Anticipatory Bereavement

The death of a child disrupts the natural family life cycle. Children are supposed to outlive their parents, not the other way around. Decisions related to treatment during the terminal phase of an illness can be excruciating for parents who on one hand do not wish for their child to suffer but on the other hand cannot tolerate thoughts of ending treatment.

Psychotherapy with the dying child is differentiated from more routine psychotherapy by the simple fact that the patient is confronting the concrete reality of death and loss rather than unrealistic fears and fantasies. Patients are generally aware that death is approaching, with the unknown being its time of occurrence. Nevertheless, awareness of death is a fluid rather than static state (Sourkes

1998). Children tend to "dose themselves" regarding the degree to which they can discuss their illness (i.e., one minute crying and the next found playing a game). The level of awareness may fluctuate depending on their medical status. Therapy provides the opportunity for the expression of grief and integration of their life experiences. It provides an opportunity for discussing quality-of-life issues as well as facilitating the child's expression of their own wishes for what is left of their life. As the risk of mortality increases in different pediatric illness populations, there are three common fears: fear of pain, fear of being alone, and fear for the well-being of others (parents/friends) after the child's death.

Children and adolescents can derive great comfort from the safety of a therapeutic relationship in which there is the opportunity to discuss their awareness of impending death. The therapist "bears witness" to the child's extraordinary situation and responds within the context of that reality (Coles 1990). A shared "knowledge" of the fine line that separates living from dying, whether implicit or ex plicit, becomes the containment of the psychotherapy (Sourkes 1992).

The development of anticipatory bereavement suggests a patient's greater recognition of his or her poor prognosis. The grief related to the impending loss of important relationships becomes manifest in an increased sensitivity to separation without specific references to death or in the form of direct and explicit discussion about death (Sourkes 1992). There may be themes of presence and absence or disappearance and return. Patients can project their concerns onto significant adults as well as show concern about the emotional well-being of their parents or loved ones after their death. There may be fears about being replaced and resentment of healthy siblings. As death approaches, children often turn inward and withdraw from the external world. Normal responses at this time can include retreat from physical contact, quietness, and irritability. It is common for the patient to withdraw from the therapeutic relationship. In the terminal phase, the consultant may only get to see the child in the presence of the parents. This may, however, be a time where important disclosures are made by the child.
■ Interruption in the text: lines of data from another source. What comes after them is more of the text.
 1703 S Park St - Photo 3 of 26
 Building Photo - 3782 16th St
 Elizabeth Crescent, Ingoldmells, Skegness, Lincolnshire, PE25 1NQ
In work with physically ill patients, the therapist must possess a high threshold for witnessing and tolerating pain, particularly pain involving separation and loss (Sourkes 1992).

The therapist may have feelings of guilt about his or her own health or that of his or her loved ones in relation to the patient's illness or the therapist's own ability to move on quickly after watching a child die. This guilt may intrude on the therapeutic process, causing the consultant to withdraw instead of focusing on the patient's feelings of anger and isolation (Shaw and DeMaso 2006).